TASK: There are pictures in the records below; leave them out and set down exactly the lines from the one holding "Abbildung von Soundmaster" through the one holding "Casablanca sage 3".

DATASET ENTRIES:

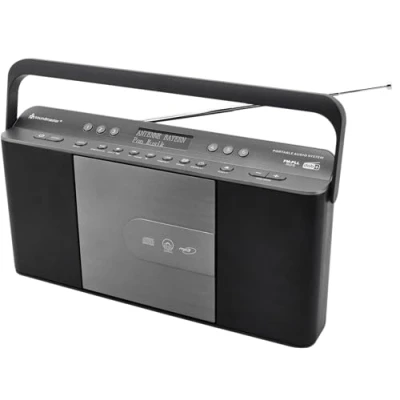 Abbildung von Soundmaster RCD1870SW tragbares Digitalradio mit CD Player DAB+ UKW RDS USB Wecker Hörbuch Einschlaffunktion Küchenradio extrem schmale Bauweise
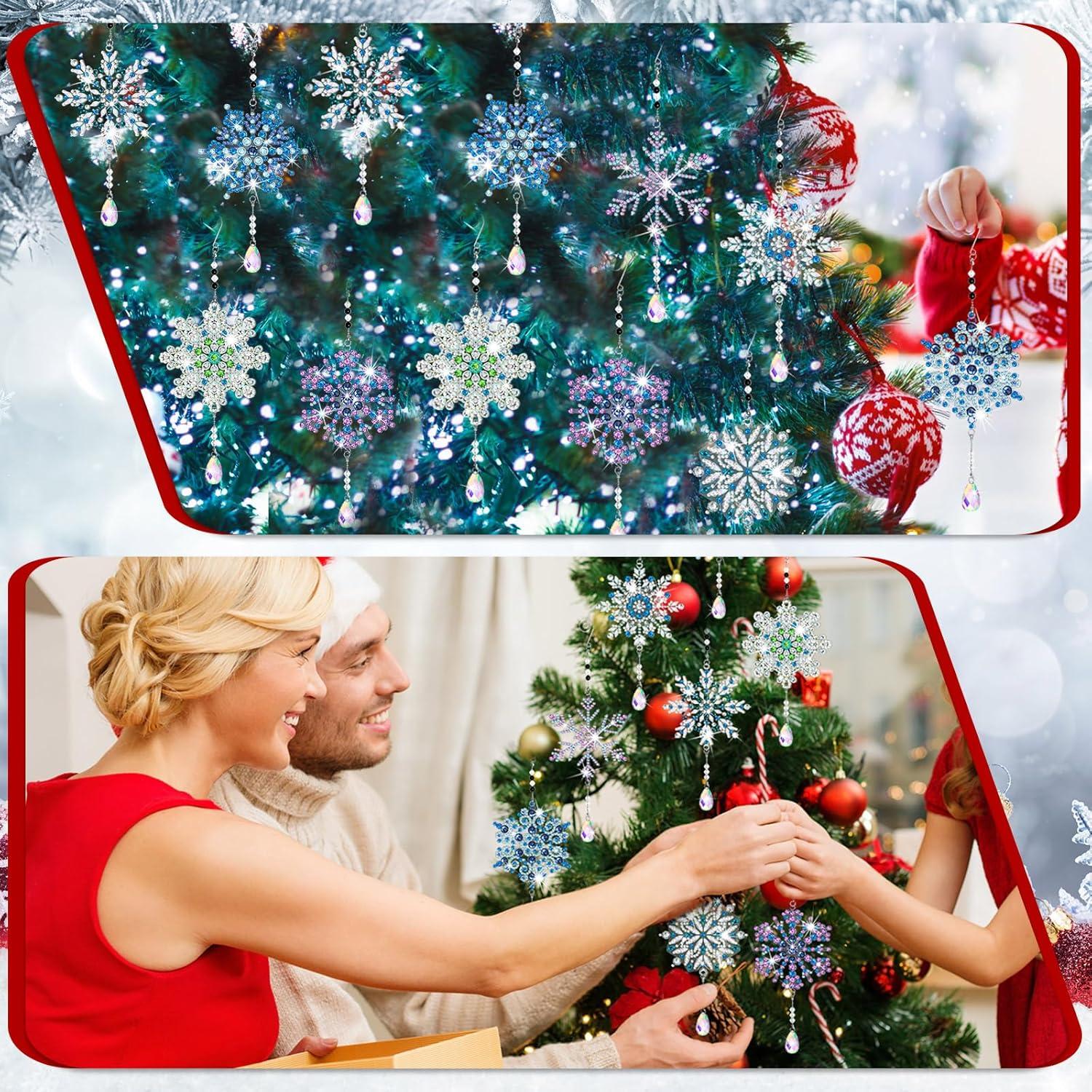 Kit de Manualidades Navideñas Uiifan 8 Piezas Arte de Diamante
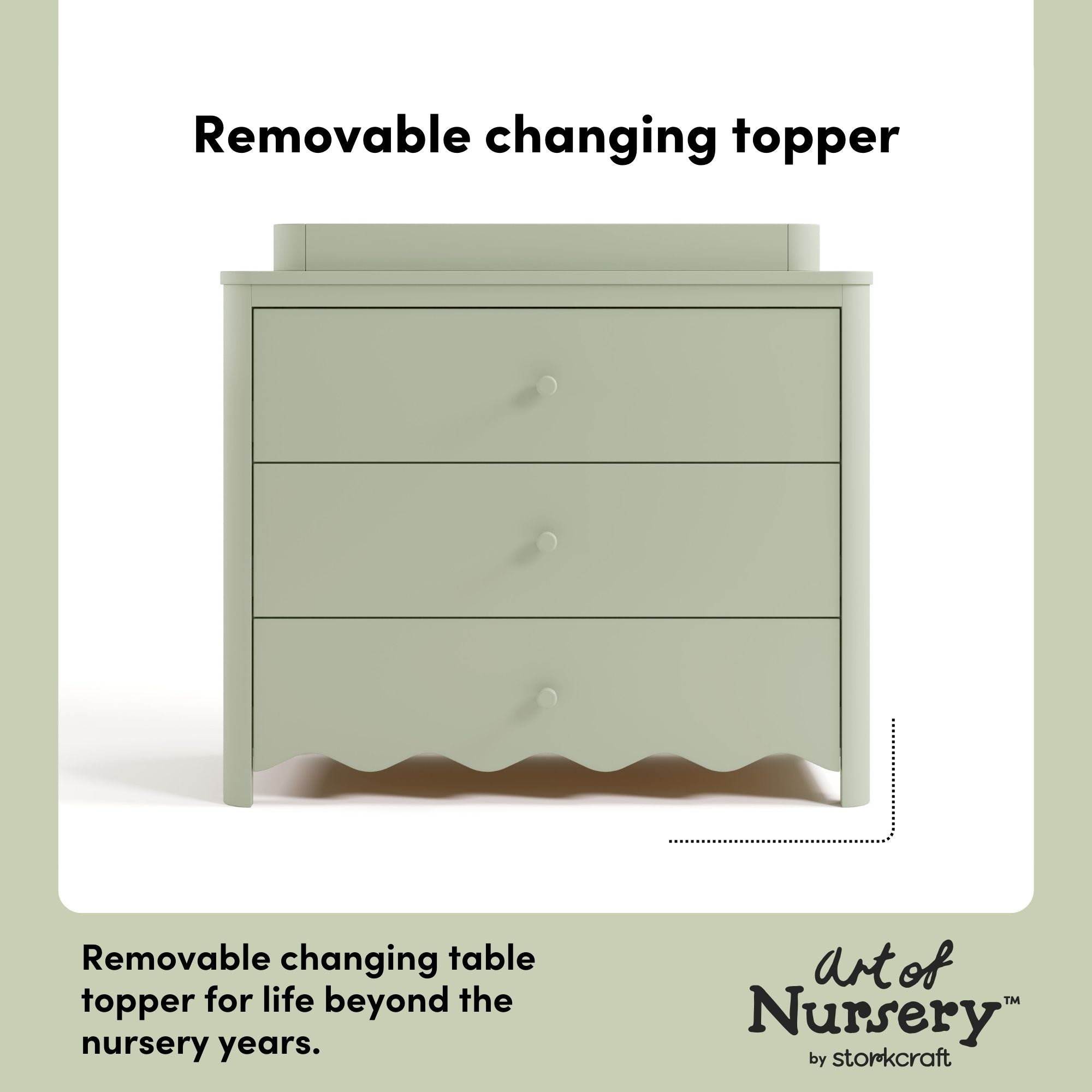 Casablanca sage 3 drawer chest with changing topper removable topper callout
---
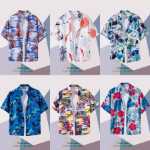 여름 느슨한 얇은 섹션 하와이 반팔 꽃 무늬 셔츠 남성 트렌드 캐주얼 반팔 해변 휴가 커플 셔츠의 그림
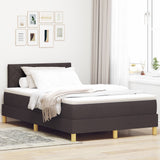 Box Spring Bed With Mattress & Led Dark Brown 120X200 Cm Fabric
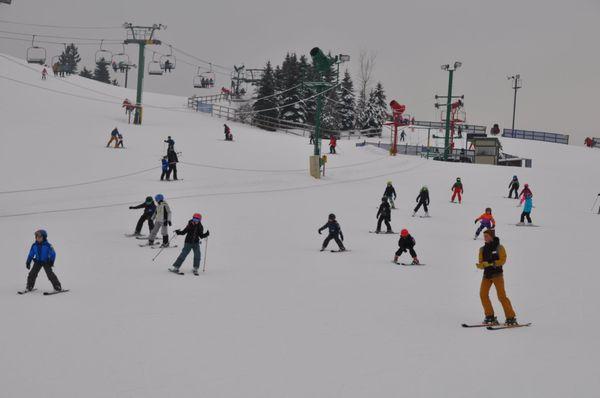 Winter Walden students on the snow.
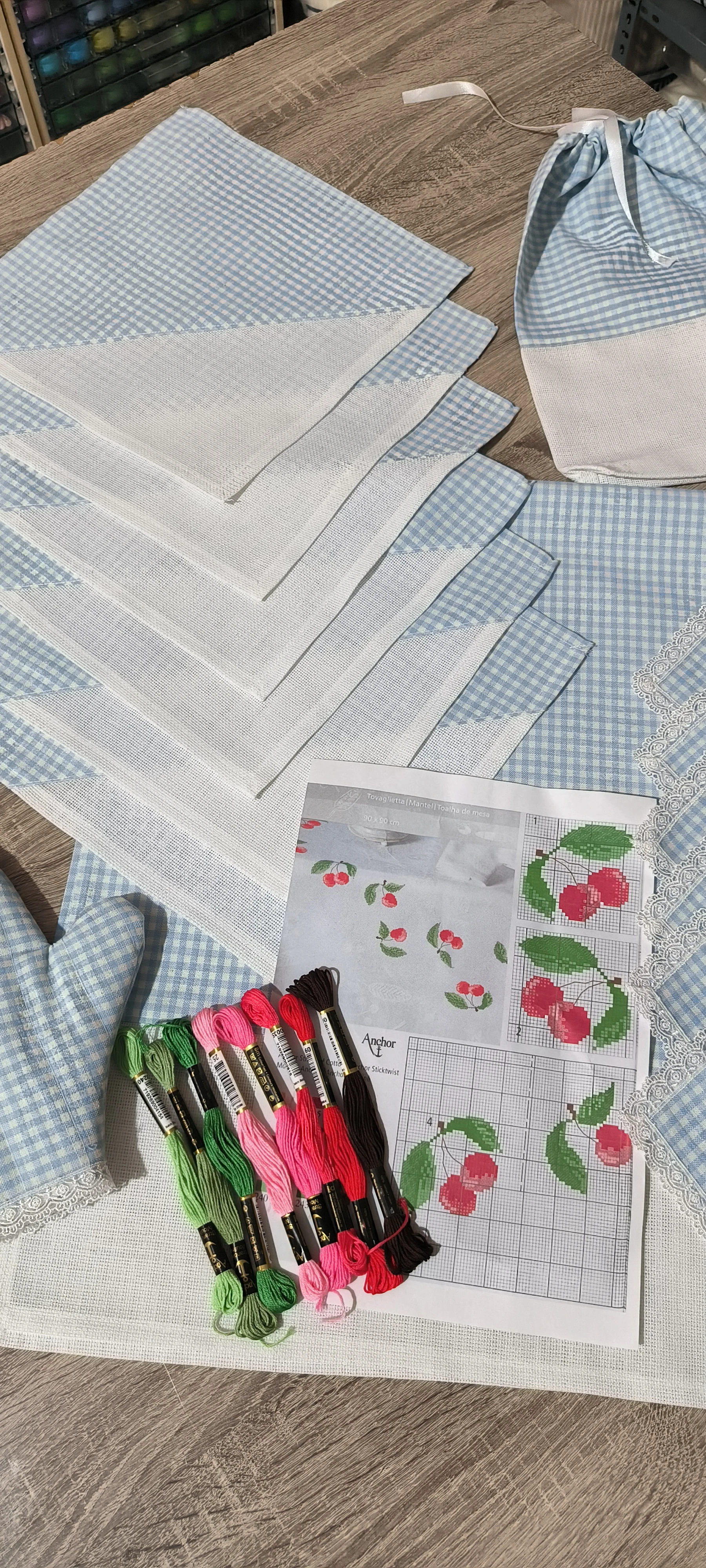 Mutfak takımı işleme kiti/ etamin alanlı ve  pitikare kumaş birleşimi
--
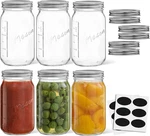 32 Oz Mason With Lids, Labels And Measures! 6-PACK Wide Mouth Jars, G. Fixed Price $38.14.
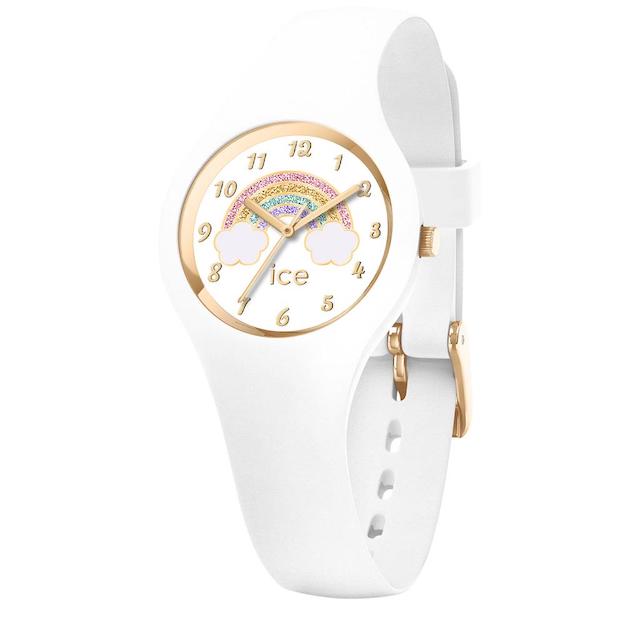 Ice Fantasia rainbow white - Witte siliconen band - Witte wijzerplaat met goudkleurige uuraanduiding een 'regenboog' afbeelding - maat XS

PROBLEM SOLUTION:
 Abbildung von Soundmaster RCD1870SW tragbares Digitalradio mit CD Player DAB+ UKW RDS USB Wecker Hörbuch Einschlaffunktion Küchenradio extrem schmale Bauweise
 Kit de Manualidades Navideñas Uiifan 8 Piezas Arte de Diamante
 Casablanca sage 3 drawer chest with changing topper removable topper callout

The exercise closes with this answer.